-- Work instruction --
Write out the opening lines of the data word for word, up to and including the line with "Турбина VW Passat", and leave every picture and every later line out.

-- Available records --
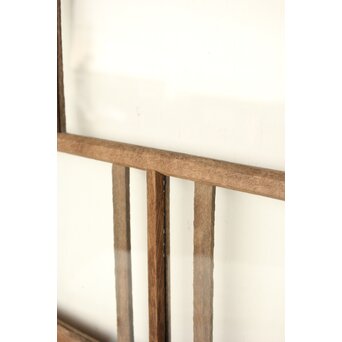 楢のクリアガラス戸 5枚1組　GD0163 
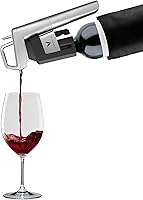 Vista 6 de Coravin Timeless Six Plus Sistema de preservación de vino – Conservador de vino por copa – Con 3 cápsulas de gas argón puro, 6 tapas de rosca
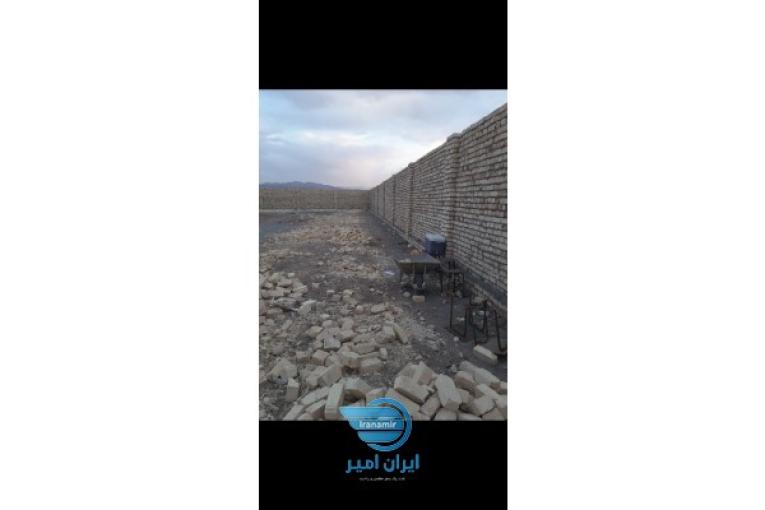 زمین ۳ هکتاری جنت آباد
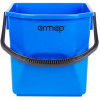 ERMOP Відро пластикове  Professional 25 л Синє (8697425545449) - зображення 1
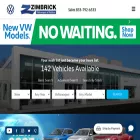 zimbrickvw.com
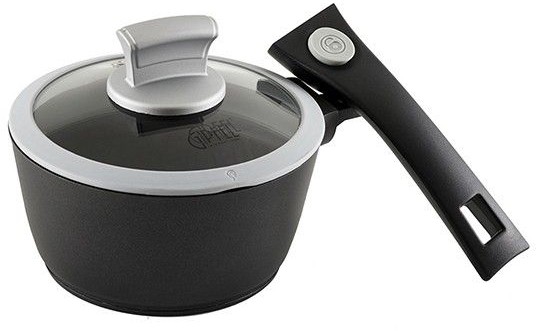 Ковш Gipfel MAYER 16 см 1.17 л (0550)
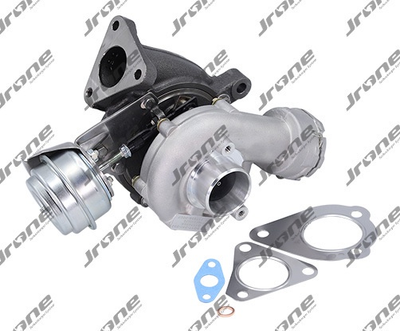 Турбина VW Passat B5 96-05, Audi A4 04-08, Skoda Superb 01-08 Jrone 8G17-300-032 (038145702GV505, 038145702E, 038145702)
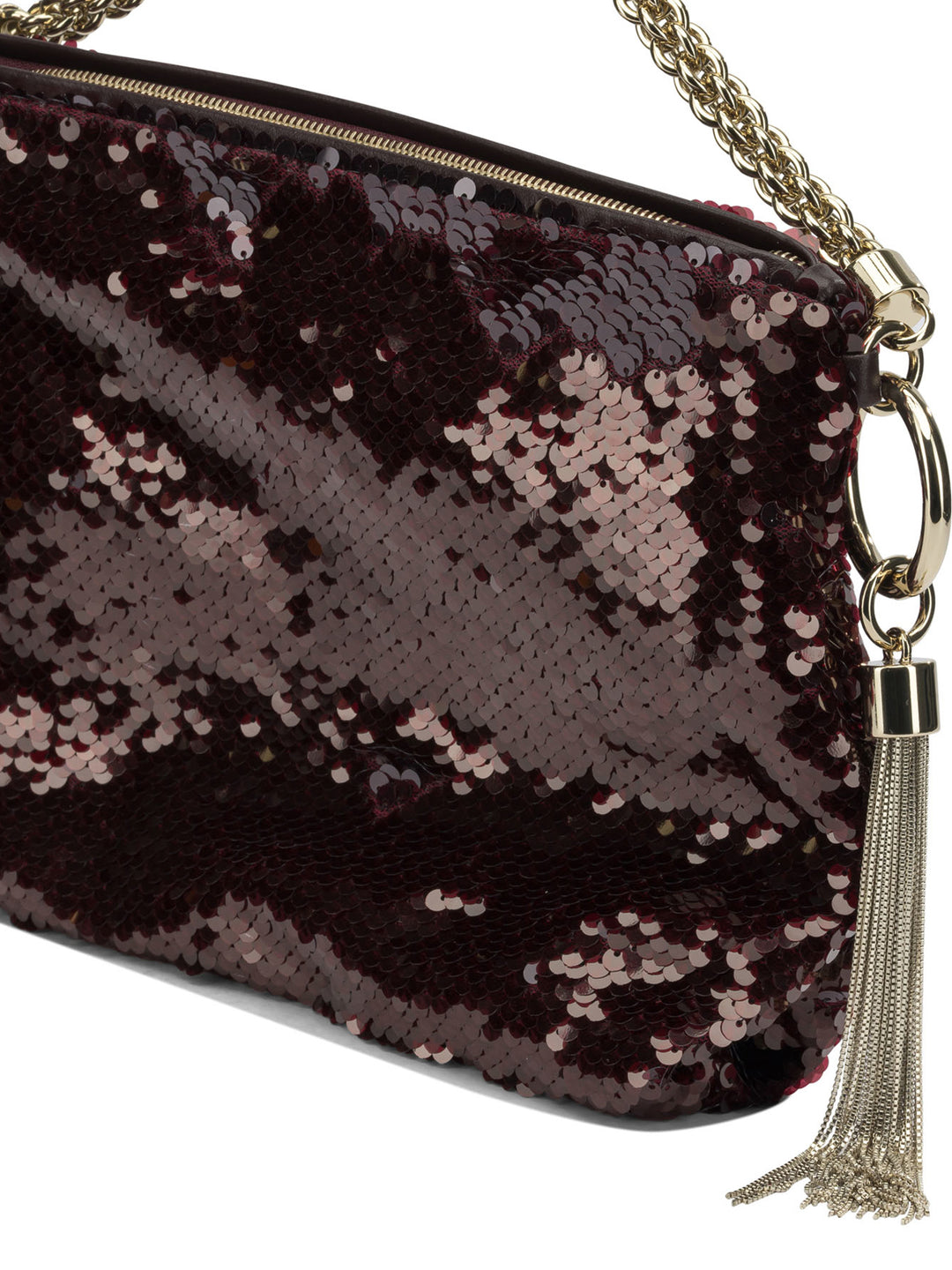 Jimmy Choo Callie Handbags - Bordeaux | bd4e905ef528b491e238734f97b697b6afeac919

-- Task solution --
 楢のクリアガラス戸 5枚1組　GD0163 
 Vista 6 de Coravin Timeless Six Plus Sistema de preservación de vino – Conservador de vino por copa – Con 3 cápsulas de gas argón puro, 6 tapas de rosca
 زمین ۳ هکتاری جنت آباد
 ERMOP Відро пластикове  Professional 25 л Синє (8697425545449) - зображення 1
 zimbrickvw.com
 Ковш Gipfel MAYER 16 см 1.17 л (0550)
 Турбина VW Passat B5 96-05, Audi A4 04-08, Skoda Superb 01-08 Jrone 8G17-300-032 (038145702GV505, 038145702E, 038145702)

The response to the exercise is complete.